Google Cloud Professional Machine Learning Engineer — Question 142
While running a model training pipeline on Vertex Al, you discover that the evaluation step is failing because of an out-of-memory error. You are currently using TensorFlow Model Analysis (TFMA) with a standard Evaluator TensorFlow Extended (TFX) pipeline component for the evaluation step. You want to stabilize the pipeline without downgrading the evaluation quality while minimizing infrastructure overhead. What should you do?
Answer options
- A. Include the flag -runner=DataflowRunner in beam_pipeline_args to run the evaluation step on Dataflow.
- B. Move the evaluation step out of your pipeline and run it on custom Compute Engine VMs with sufficient memory.
- C. Migrate your pipeline to Kubeflow hosted on Google Kubernetes Engine, and specify the appropriate node parameters for the evaluation step.
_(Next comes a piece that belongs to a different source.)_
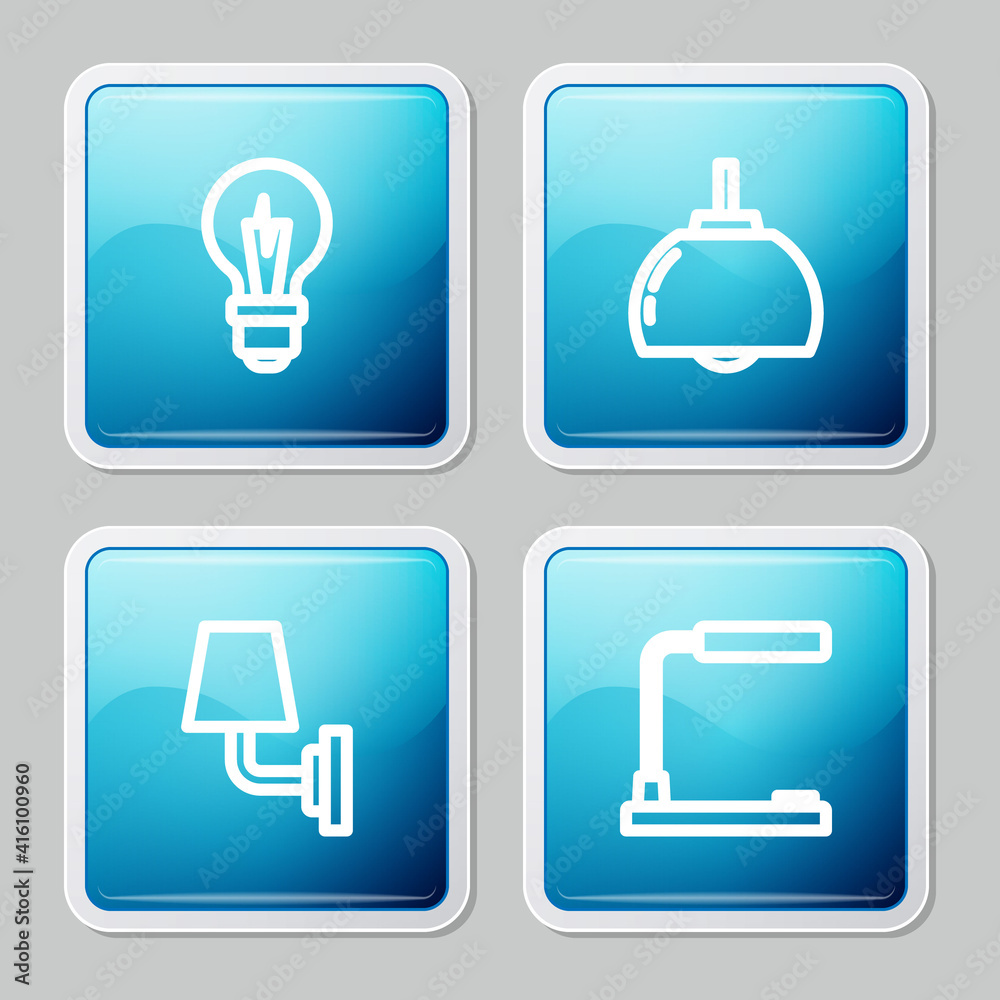 Set line Light bulb, Chandelier, Wall lamp or sconce and Table icon. Vector. Set line Light bulb, Chandelier, Wall lamp or sconce and Table icon. Vector.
- D. Add tfma.MetricsSpec () to limit the number of metrics in the evaluation step.
Correct answer: A
Explanation
The correct option, A, suggests using Dataflow to run the evaluation step, which can better handle memory management and scale resources as needed, thereby preventing out-of-memory errors. Option B may require additional management and does not optimize resource usage as effectively as Dataflow. Option C involves more complexity and could introduce overhead rather than reduce it. Option D may limit metrics but does not address the root cause of the memory issue.